Why is:
$\displaystyle \frac{1}{2\sigma}\int_{-\infty}^{\infty}xexp(-\frac{|x|}{\sigma}).dx=0$
$\displaystyle \frac{1}{2\sigma}\int_{-\infty}^{\infty}x^2exp(-\frac{|x|}{\sigma}).dx=\frac{1}{\sigma}\int_{0}^{\ infty}x^2exp(-\frac{x}{\sigma}).dx$
Why is:
$\displaystyle \frac{1}{2\sigma}\int_{-\infty}^{\infty}xexp(-\frac{|x|}{\sigma}).dx=0$
$\displaystyle \frac{1}{2\sigma}\int_{-\infty}^{\infty}x^2exp(-\frac{|x|}{\sigma}).dx=\frac{1}{\sigma}\int_{0}^{\ infty}x^2exp(-\frac{x}{\sigma}).dx$
It's because the first integral contains an odd function and is therefore zero as $\displaystyle \int_{-\infty}^{\infty} f(x) dx=0$ if f(x) is odd.
The second integral contains an even function so $\displaystyle \int_{-\infty}^{\infty} f(x) dx=2 \int_{0}^{\infty}f(x) dx$ if f(x) is even.
also it should be noted that $\displaystyle f(x) = x exp(-\frac{|x|}{\sigma}) $ contains no asymptotes over the domain of integration so the above holds.
Although the result is true in this case, the argument is not valid.
For example, the same argument 'proves' that $\displaystyle \int_{- \infty}^{+ \infty} \frac{x}{1 + x^2} \, dx = 0$ (the Cauchy Principle value). However, a more rigorous analysis proves that this integral does not in fact exist. (You can research this yourself by researching the fact that the mean of a Cauchy distribution does not exist).
As long as f is an odd function (f(-x)= -f(x)) and the integral exists, $\displaystyle \int_{-a}^a f(x) dx= 0$.

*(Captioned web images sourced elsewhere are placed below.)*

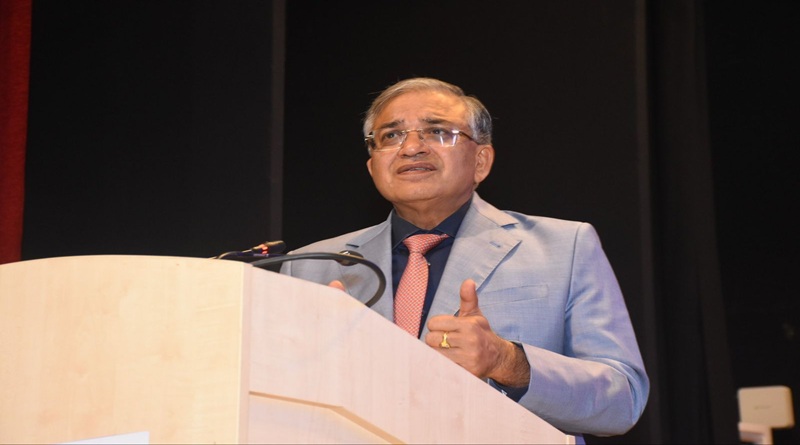 भारत निर्वाचन आयोग ने आगामी विधानसभा चुनावों के लिए तैनात किए जाने वाले केंद्रीय पर्यवेक्षकों को किया संबोधित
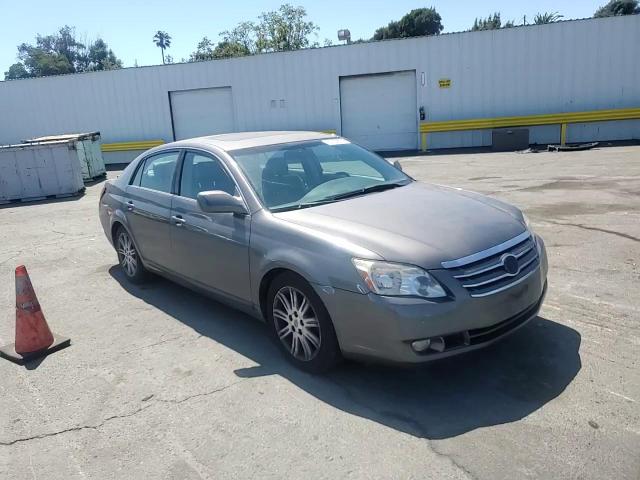 2005 Toyota Avalon Xl VIN: 4T1BK36B35U052442 Lot: 65134335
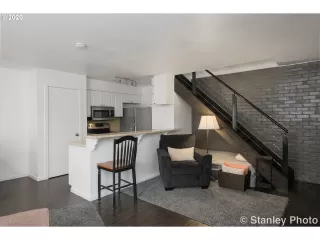 Photo #3: 20646698 Listing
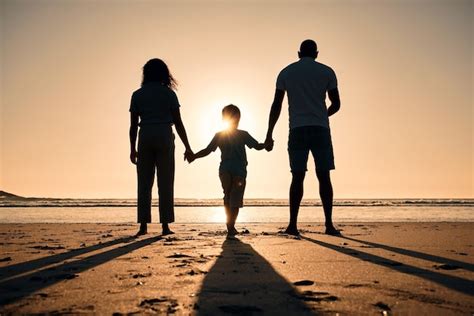 famiglia che si tiene per mano in un ambiente sereno, simbolo di unità e pace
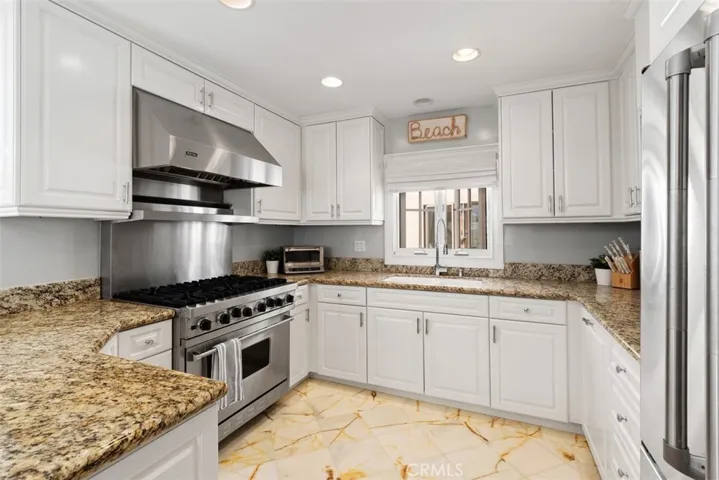 705 1/2 Goldenrod Avenue, Corona Del Mar, California 92625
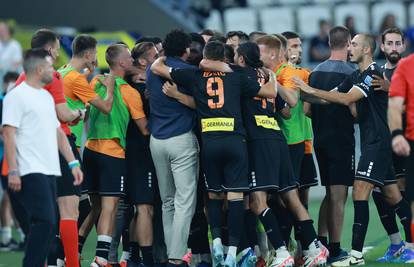 Osijek - Šibenik 1-2: Čavlina je darivao, novi prvoligaš šokirao 'bijelo-plave' na Opus Areni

$\displaystyle \int_{-a}^a f(x) dx= \int_{-a}^0 f(x) dx+ \int_0^a f(x) dx$
In the first integral, let u= -x so du= -dx and x= -a gives u= a. The integral becomes $\displaystyle \int_a^0 f(-u)(-du)= \int_0^a f(-u)du$$\displaystyle = \int_0^a f(u)du= -\int_0^a f(u)du$ so $\displaystyle \int_{-a}^a f(x) dx= \int_0^a f(x)dx- \int_0^a f(u)du= 0$ since the "x" and "u" are just dummy variables.
With f an even function, f(-x)= f(x), you can do the same thing and get "+" between the integrals rather than "-". $\displaystyle \int_{-a}^a f(x)dx= \int_0^a f(x)dx+ \int_0^a f(u)du= 2\int_0^a f(x)dx$.
Of course, for that to work all those integrals have to exist.